Colonel Sander’s recipe for Kentucky Fried Chicken, made with 11 herbs and spices, is no longer a well-kept secret. The original KFC recipe appeared in the Chicago Tribune after being submitted by Colonel Sander’s nephew Joe Ledington.
Mr. Ledington found the recipe in a scrapbook belonging to his late Aunt Claudia, the Colonel’s second wife. Ledington claimed he used to blend the spices for his uncle’s world famous fried chicken, and verified that the recipe he found in his aunt’s scrapbook is indeed the real deal.
Joe Gray, food writer for the Chicago Tribune tested the KFC 11 herbs and spices recipe and says it tastes just like the chicken prepared at KFC restaurants. Here is the recipe as published by Mr. Gray:
Fried chicken with 11 herbs and spices
Makes: 4 servings
2 cups all-purpose flour
2 teaspoons salt
1/2 tablespoon dried thyme leaves
1/2 tablespoon dried basil leaves
1 teaspoon dried oregano leaves
1 tablespoon celery salt
1 tablespoon ground black pepper
1 tablespoon dried mustard
4 tablespoons paprika
2 tablespoons garlic salt
1 tablespoon ground ginger
3 tablespoons ground white pepper
1 cup buttermilk
1 egg, beaten
1 chicken, cut up, the breast pieces cut in half for more even frying
Expeller-pressed canola oil
- Mix the flour in a bowl with all the herbs and spices; set aside.
- Mix the buttermilk and egg together in a separate bowl until combined. Soak the chicken in the buttermilk mixture at room temperature, 20-30 minutes.
- Remove chicken from the buttermilk, allowing excess to drip off. Dip the chicken pieces in the herb-spice-flour mixture to coat all sides, shaking off excess. Allow to sit on a rack over a baking sheet, 20 minutes.
- Meanwhile, heat about 3 inches of the oil in a large Dutch oven (or similar heavy pot with high sides) over medium-high heat to 350 degrees. (Use a deep-frying thermometer to check the temperature.) When temperature is reached, lower the heat to medium to maintain it at 350. Fry 3 or 4 pieces at a time, being careful not to crowd the pot. Fry until medium golden brown, turning once, 15-18 minutes. Transfer chicken pieces to a baking sheet covered with paper towels. Allow the oil to return to temperature before adding more chicken. Repeat with remaining chicken.

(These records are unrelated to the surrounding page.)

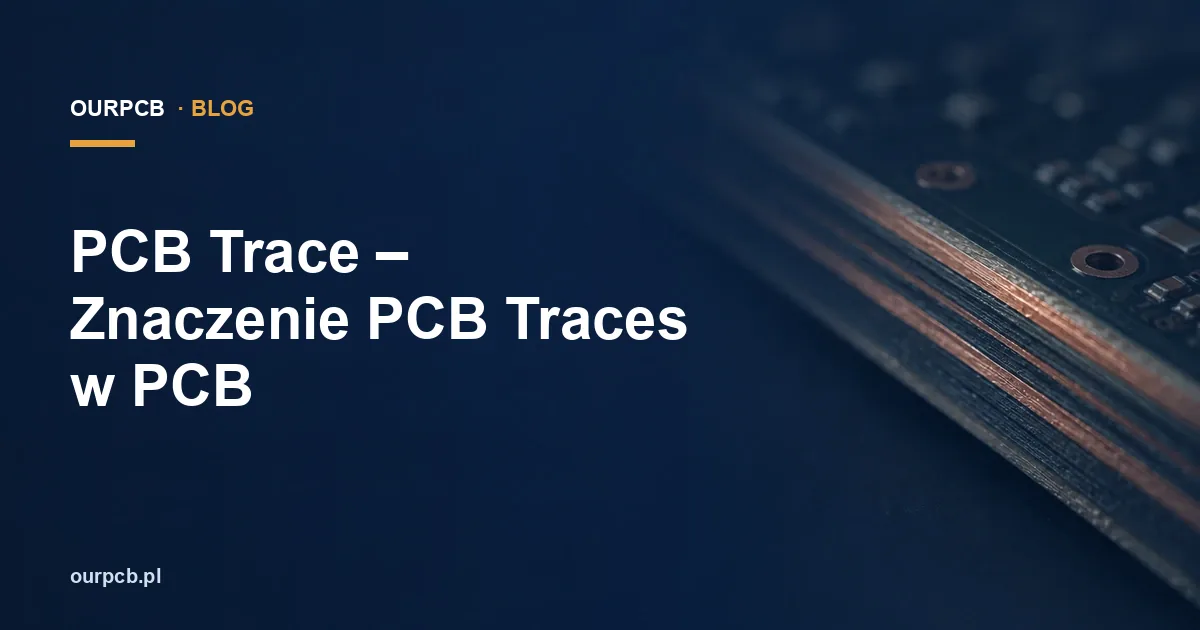 PCB Trace – Znaczenie PCB Traces w PCB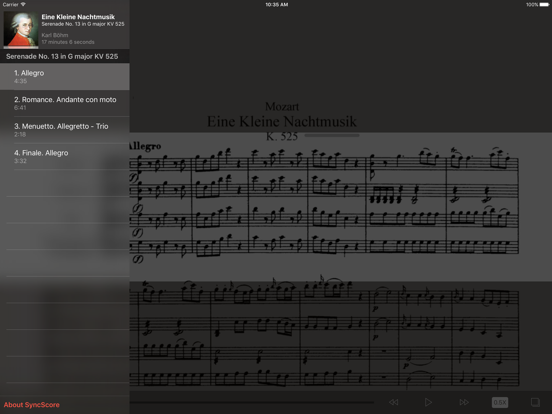 Screenshot #6 pour Mozart Eine kleine Nachtmusik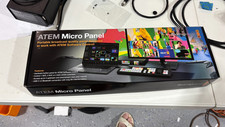 Blackmagic atem micro for sale  Purcellville
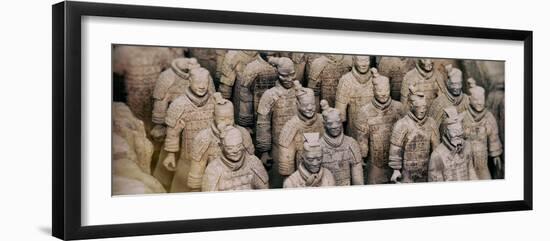 China 10MKm2 Collection - Terracotta Army-Philippe Hugonnard-Framed Photographic Print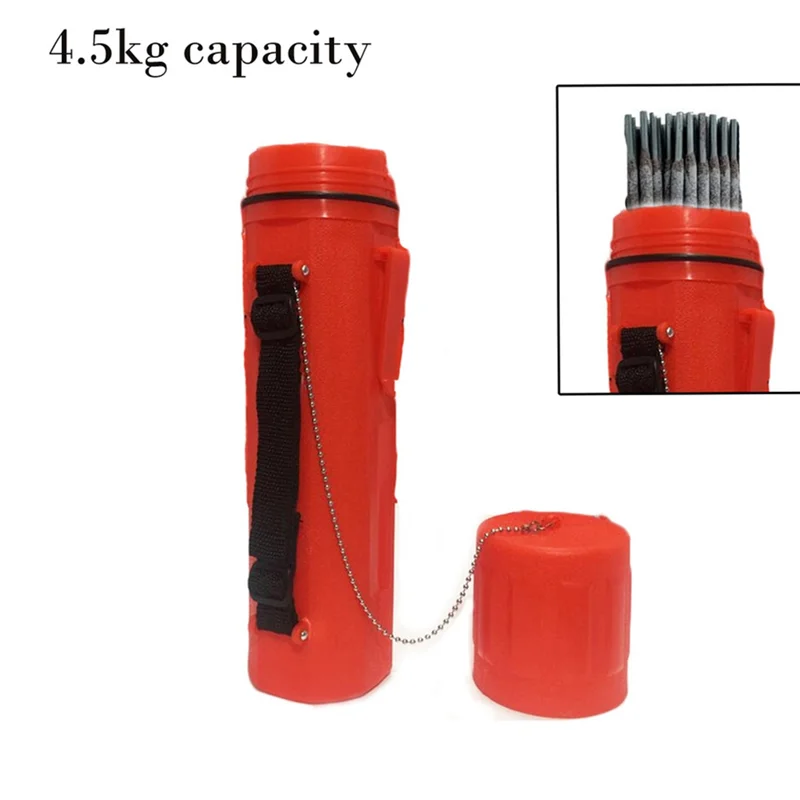 ABKO-Scatola portaoggetti per asta di saldatura per utensili elettrici Contenitore per tubi in plastica Portaelettrodo Protezione dall'umidità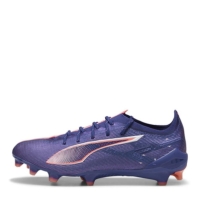 Ghete de fotbal Puma Ultra 5 Ultimate Firm Ground pentru femei mov alb org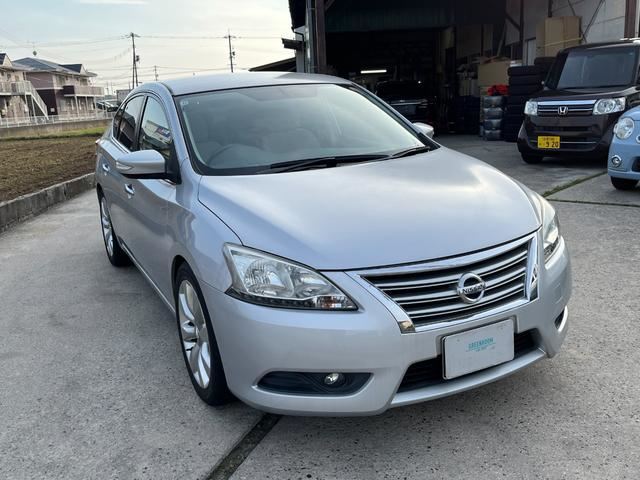 2012 Nissan SYLPHY — фото 5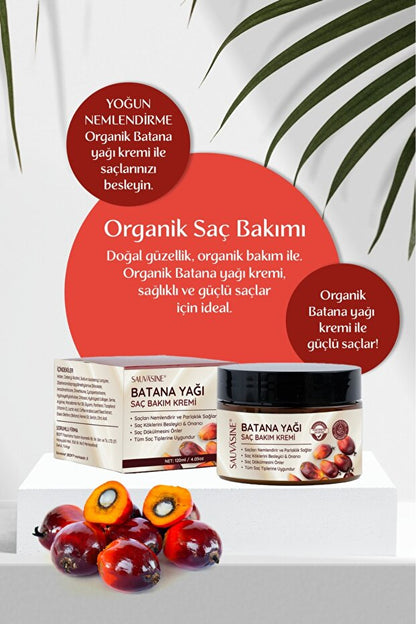 Batana Yağı ile Saç Şıklığı™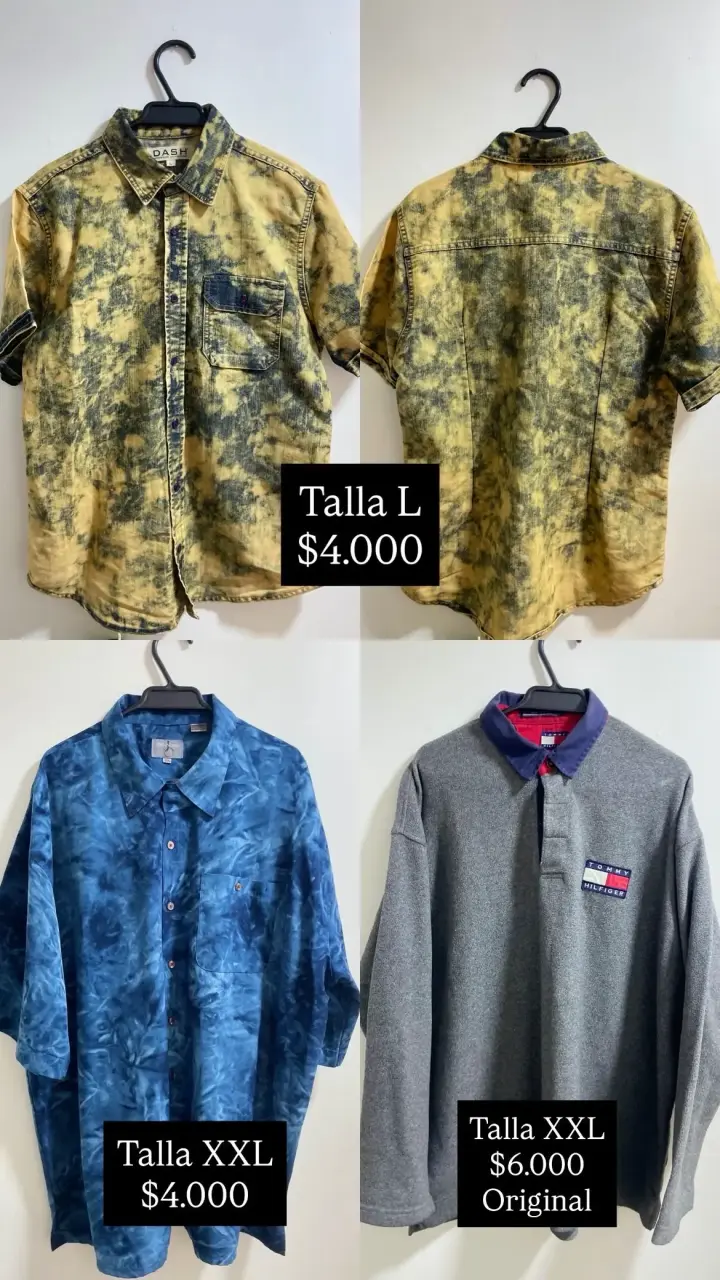 Ropa de hombre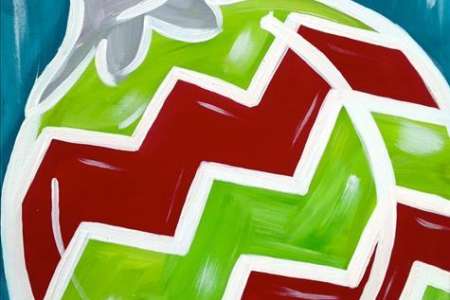 Vibrant Christmas Ornaments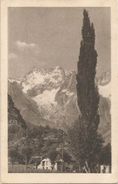 Z3694 Courmayeur (Aosta) - Catena Del Monte Bianco - Panorama / Viaggiata 1929 - Altre Città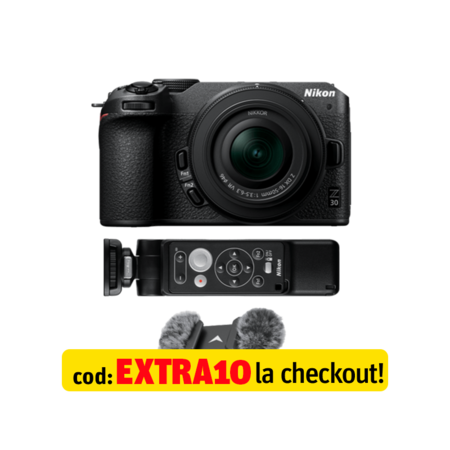 Nikon Z30 Aparat Foto Mirrorless Vlogger Kit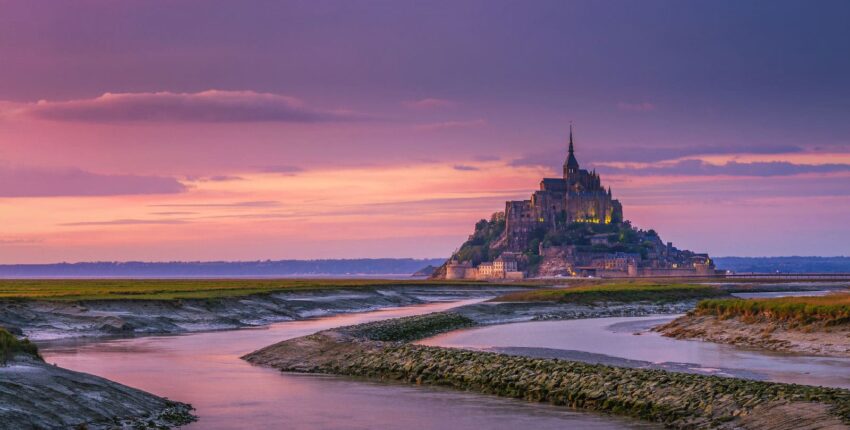 Mont-Saint-Michel: helikopteres élmény Párizsból
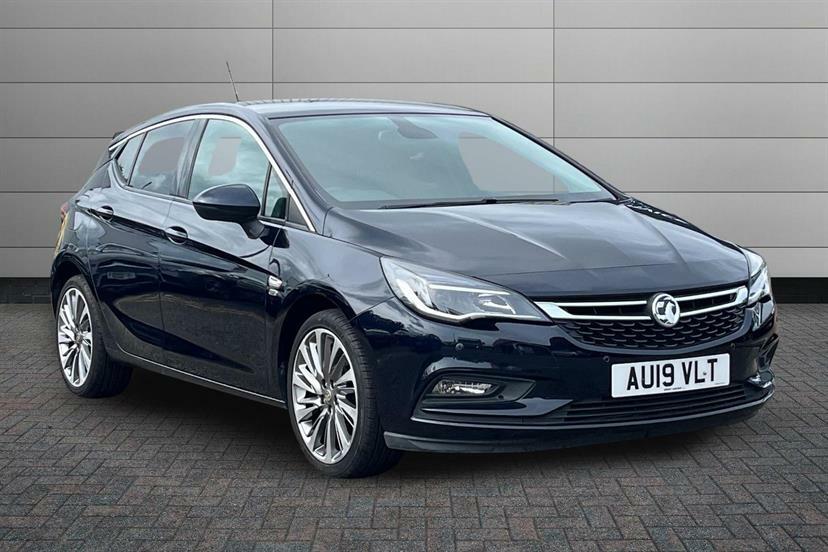 Vauxhall Astra 1.4T 16V 150 Griffin Black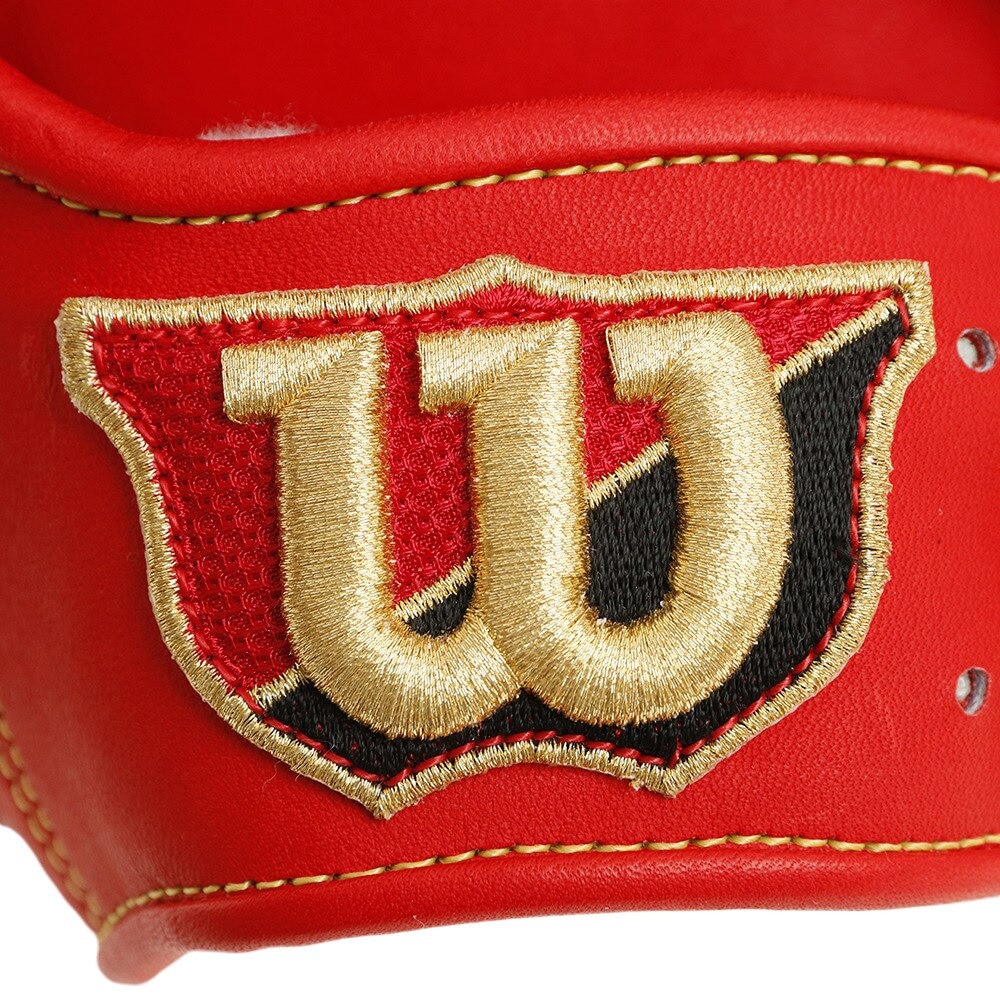 ウイルソン（WILLSON）（メンズ）野球 硬式 グラブ Wilson Staff DUAL 外野手用 8DR WTAHWQD8D22R 収納袋付  左投げ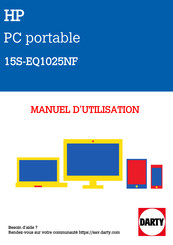 HP 15S-EQ1025NF Manuel De L'utilisateur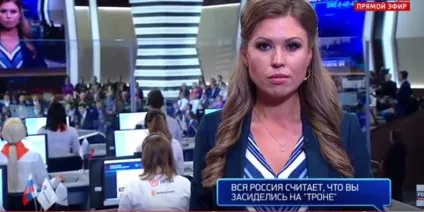 Путін поговорив з народом по прямій лінії (лінії) Путін поговорив з народом по прямій лінії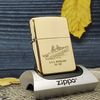 BẬT LỬA ZIPPO BRASS TẦU CHIẾN ĐỜI XVI LA MÃ NĂM 2000 ZL98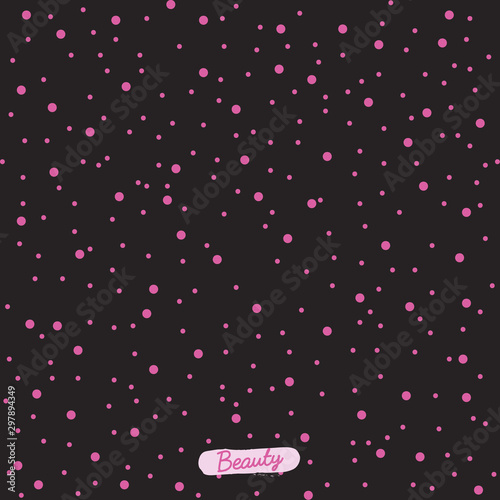 makeup icon beauty vektor pink backround design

Who Needs 11 Herbs and Spices?
My family hasn’t eaten KFC for many decades, since we enjoy our own homegrown broilers. But when I ran across the KFC recipe I just had to try it. It was easy and the finished chicken looked terrific, but it tasted more like herbs and spices than like, well, chicken.
I don’t even salt my fried chicken. To make my not-so-famous, not-so-secret fried chicken recipe, I soak the chicken pieces in buttermilk (or milk) and egg, just as KFC does. For the coating I dip the pieces in wheat germ and sprinkle them with paprika, then let them set for a few minutes so the coating sticks before the pieces are fried.
Roasted “Fried” Chicken
Okay, so let’s say you’re not so fond of deep fried food. Here’s my other “fried” chicken recipe, which is not really fried but instead is roasted in the oven:
1 tablespoon butter
1 tablespoon vegetable oil
1 chicken, skinned and cut up
- Heat butter and oil in a cast iron skillet until the butter is melted.
- Roll chicken pieces in the butter-oil mixture. Remove from skillet.
- Sprinkle chicken pieces with paprika and black pepper.
- Dust chicken pieces with flour.
- Arrange the pieces in the cast iron skillet. Roast at 425°F 15-20 minutes. Turn, roast 15-20 minutes more.
If you are roasting surplus cockerels of a dual purpose breed, such as the barred Plymouth Rock, and you harvest them at 8 to 10 weeks of age, they need less roasting to keep the tender meat from drying out. Set the oven to 400°F and roast the pieces no more than 15 minutes on each side. If you don’t have a cast iron skillet, you can roast the chicken in a regular baking pan.
No matter how you fry it — the Colonel’s way, my way, in the oven, or using your own favorite recipe — chicken raised in your own backyard is always finger lickin’ good.
And that’s today’s news from the Cackle Coop.